Mais ces structures n'ont pas correctement fonctionné, en Italie notamment, "parce qu'il ne s'agissait pas de centres fermés", a-t-il ajouté: les migrants pouvant en sortir, cela n'a pas permis de répartition satisfaisante.

Le ministre italien de l'Intérieur Matteo Salvini, qui s'est rendu lundi à Tripoli, a toutefois fustigé cette idée: "Des hotspots d'accueil en Italie? Ce serait un problème pour nous et pour la Libye elle-même parce que les flux de la mort ne s'interrompront pas", a-t-il affirmé sur son compte Twitter après une rencontre avec le ministre libyen de l'Intérieur Abdessalam Achour.

Emmanuel Macron avait proposé samedi d'ouvrir "des centres fermés sur le mode de ce que propose le HCR" avec "des moyens européens", lors d'une conférence de presse conjointe avec le Premier ministre espagnol Pedro Sanchez. Selon l'Elysée, Paris et Madrid proposent d'installer ces centres essentiellement en Italie, mais aussi en Espagne. La France ne serait pas concernée.

Dans les centres proposés, "la pré-instruction pourrait être menée par les différents offices nationaux, sur le modèle de ce qui se passe à Valence" (Espagne), où l'Ofpra a envoyé une mission pour entendre les réfugiés du navire Aquarius souhaitant venir en France, a ajouté M. Brice.

Il faudrait, aussi, trouver un moyen efficace de reconduire les déboutés -- tâche complexe alors que les pays d'origine renâclent souvent à reprendre leurs ressortissants.

Aux termes du droit d'asile, seules passeraient ce tri les personnes fuyant des guerres ou des persécutions.
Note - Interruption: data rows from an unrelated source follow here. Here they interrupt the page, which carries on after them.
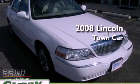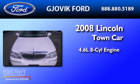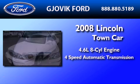This is a 2008 Lincoln Town Car. It features a 4.6-liter, 8-cylinder engine and a 4-speed automatic transmission.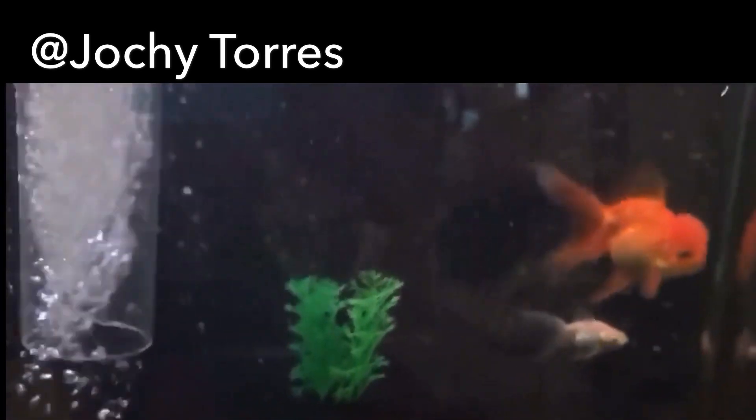Let me know your experience with the Comet Goldfish — it's an awesome fish. Goldfish are super messy guys, so make sure to do your water changes, just like they are doing in this video here.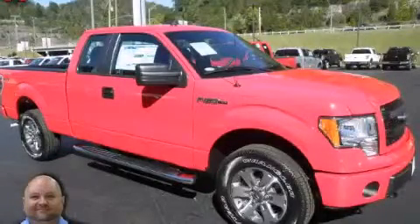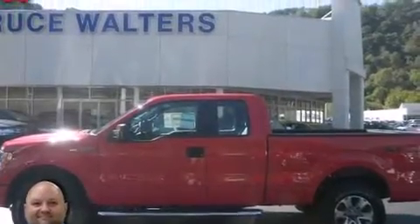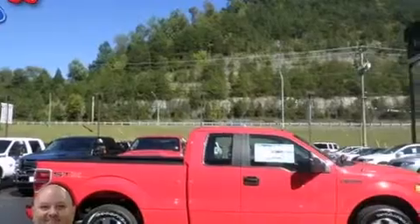This is a 2013 Ford F-150. It has the power to move what you need and the look too. It has a 5.0 liter 8-cylinder engine and an automatic transmission.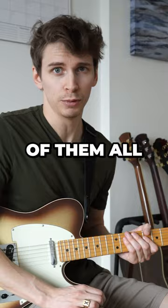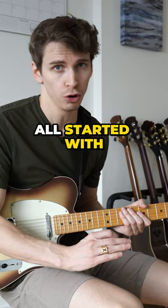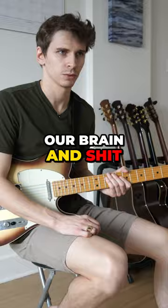And the hardest technique of them all is economy picking. I believe economy picking could be lower on the list, but because we all started with alternate picking, we find economy picking challenging because we literally have to combine alternate picking with sweeping. It messes with our brain.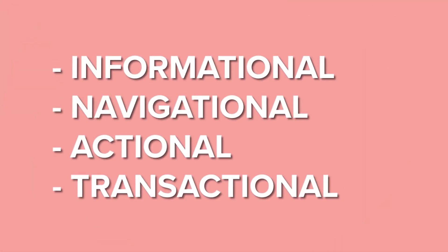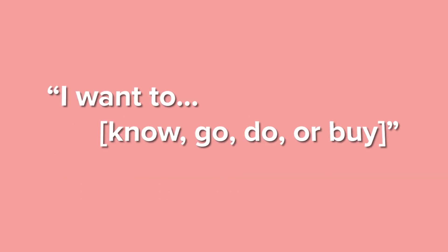They divide intent into four main categories: informational, navigational, actional, and transactional. Or in other words, 'I want to know,' 'go,' 'do,' or 'buy.'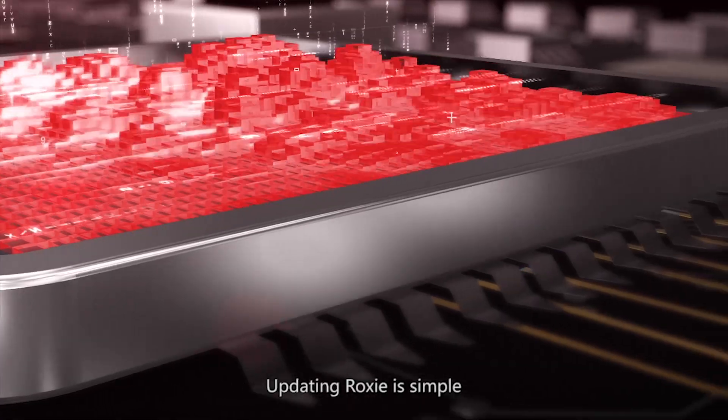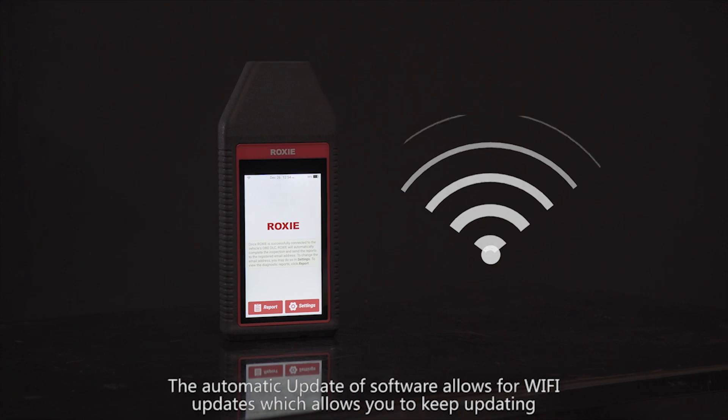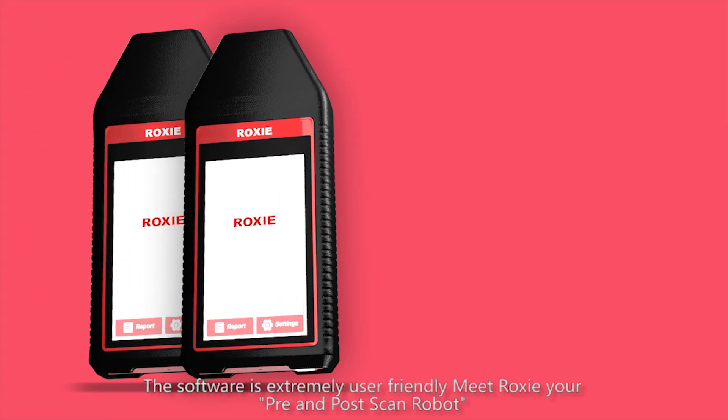Updating Roxy is simple. Automatic software updates via Wi-Fi keep you up-to-date, and updating is extremely user-friendly. Meet Roxy — your pre- and post-scan robot.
Mais "on pourrait ajouter de la protection humanitaire, qui pourrait concerner par exemple des femmes d'Afrique de l'Ouest pas en danger dans leur pays mais qui ont subi des viols sur la route migratoire", a avancé le chef de l'Ofpra, précisant que cette "protection humanitaire" existait déjà dans certains pays.

Avec ces centres, "l'idée est d'instruire les demandes au point d'arrivée" en Europe, a souligné M. Brice.
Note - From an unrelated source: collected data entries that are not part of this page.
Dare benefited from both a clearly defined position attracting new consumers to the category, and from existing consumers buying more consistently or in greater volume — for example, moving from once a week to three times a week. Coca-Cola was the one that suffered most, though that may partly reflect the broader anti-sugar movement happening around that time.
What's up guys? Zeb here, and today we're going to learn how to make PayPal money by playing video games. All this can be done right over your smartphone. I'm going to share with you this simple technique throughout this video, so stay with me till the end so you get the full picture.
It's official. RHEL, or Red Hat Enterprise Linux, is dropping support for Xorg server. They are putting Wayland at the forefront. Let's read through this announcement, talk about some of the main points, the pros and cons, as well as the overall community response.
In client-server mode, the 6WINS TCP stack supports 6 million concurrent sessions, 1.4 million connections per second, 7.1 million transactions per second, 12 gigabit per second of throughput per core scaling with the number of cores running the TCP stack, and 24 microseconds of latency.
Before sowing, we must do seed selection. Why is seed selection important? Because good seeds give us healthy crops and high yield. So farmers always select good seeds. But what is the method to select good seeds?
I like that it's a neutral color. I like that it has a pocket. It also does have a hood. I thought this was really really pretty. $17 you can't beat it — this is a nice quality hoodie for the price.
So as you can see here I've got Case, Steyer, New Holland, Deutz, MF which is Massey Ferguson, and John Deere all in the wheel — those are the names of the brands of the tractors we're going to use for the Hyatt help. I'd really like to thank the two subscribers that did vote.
Il a d'ailleurs mis en garde contre la tentation "d'externaliser le traitement de la demande d'asile vers des pays tiers, ce qui à terme signifierait la mort du droit d'asile".
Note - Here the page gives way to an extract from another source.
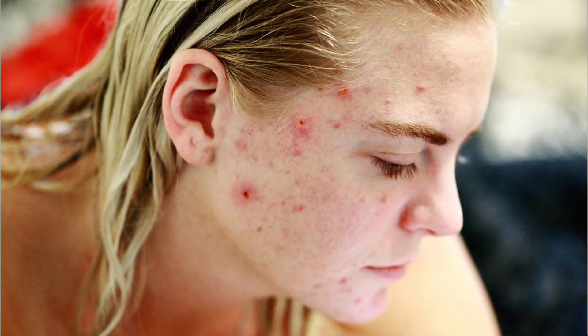What is that one skin concern that a lot of us really struggle with, where we battle to find a product that will actually agree with our skin? This is usually something that happens once a month or so. Some of us unfortunately battle with it for a longer period or more consistently — and this is breakouts, pimples, or acne, whichever one you want to call it.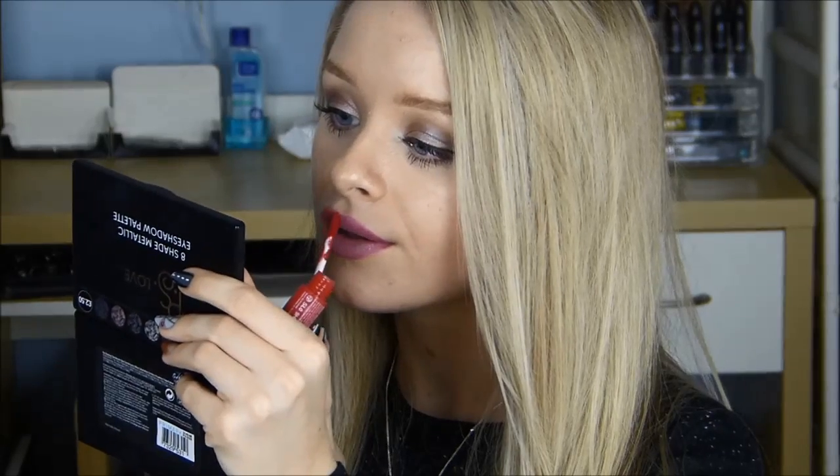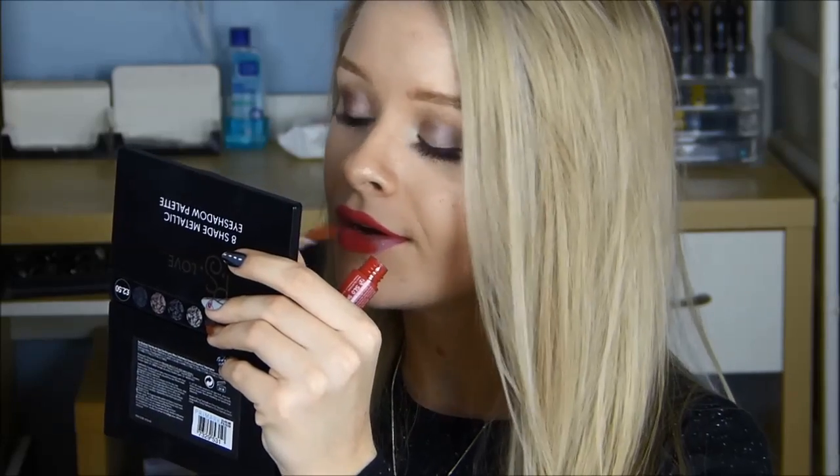I actually have one red which is by W7 and it's one of the Mega Matte lipsticks. I really like these — they apply like a cream, kind of similar to the NYX matte lip butter. I actually got mine in a set of 5 on Amazon. I really like this red colour — it's really pigmented and it dries to a matte finish. As you can see it's a pretty bright red and I think it would be great for all skin tones. After about 5–10 minutes it dries to a matte finish and it's pretty long lasting.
De ce point de vue, les "plateformes de débarquement" des migrants secourus en mer, "si elles impliquent un transfert de compétences de l'instruction à des pays tiers, poseraient une vraie difficulté, notamment au regard du droit constitutionnel", a-t-il expliqué. La création de telles plateformes, qui pourraient être mises en place notamment en Afrique du Nord, fait partie des idées actuellement évoquées au niveau européen.

"Mais si elles permettent d'amplifier les missions du type de celles menées par l'Ofpra pour réinstaller des réfugiés" sur le sol européen, "il faut les encourager", a assuré M. Brice.

La France s'est engagée à aller chercher 3.000 réfugiés au Tchad et au Niger, dans des camps du HCR, pour leur éviter la traversée à hauts risques de la Méditerranée.